So the ES is indeed green, but for the past week, the market has been following a series of lower lows and lower highs. More importantly, it also completed a tidy little topping pattern which also just happens to be constructed beneath a broken uptrend. In other words, things are looking fairly well-positioned for the bears, in spite of these daily little exercises in green-i-tude from our bullish friends.
The two important headlines I saw today both came from Our Dear Leader Powell. In his testimony today, Chairman Powell declared that “It is time to retire the word transitory regarding inflation”, and “the threat of persistently higher inflation has grown.” Finally, he added that the Fed “can consider wrapping up the taper a few months sooner.”
The fact that inflation is here is no shock to the average American, but to hear it come out of the Fed Chairman’s mouth was a bit shocking today. Also, the idea of speeding up the taper has not been priced into markets. I believe soon we’ll be hearing Chairman Powell begin to broach the topic of raising interest rates sooner than expected as well.
So, what does this mean for markets going forward, and are we at a key turning point?
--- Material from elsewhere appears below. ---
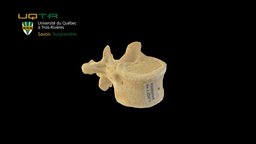 Vertèbre dorsale 11 / Thoracic vertebra 11 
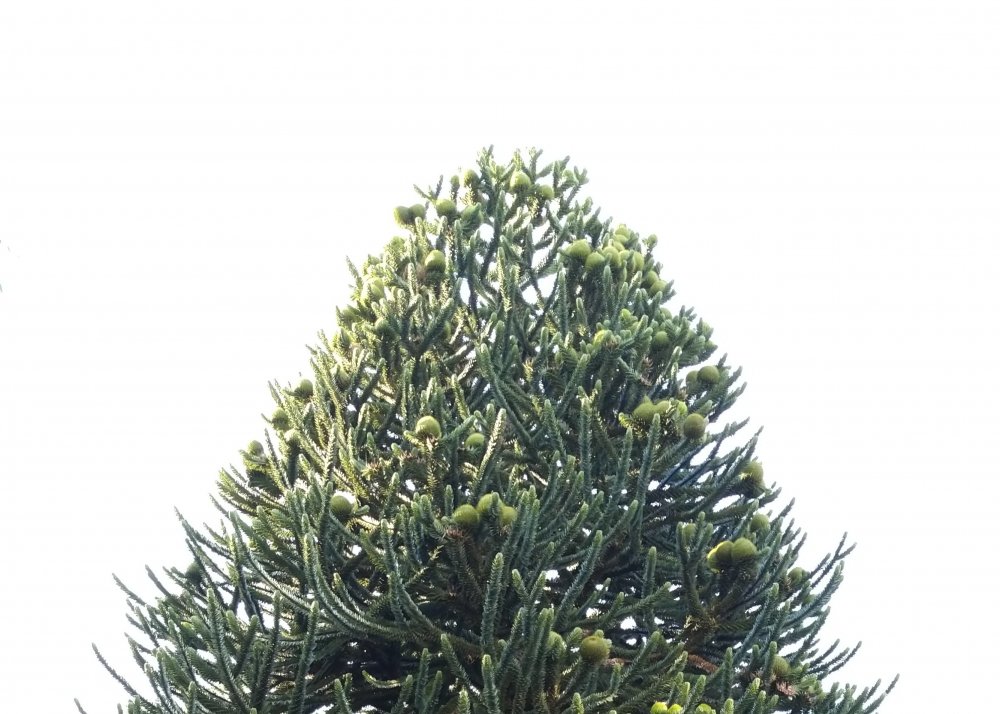 Cuberdon menthe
If the Fed is now moving to a stance of acknowledging a persistent inflation problem, logic would dictate that a policy response would follow.
I was talking in my last post on Friday about the likely mean reversion move coming that should at least return SPX to a backtest of the 45dma, now at 4549. The low so far today has taken SPX down to the 4565 area, so that is getting close, and SPX is now in an area where it may turn back up, though I think a test of 4540 is likely at minimum before that happens.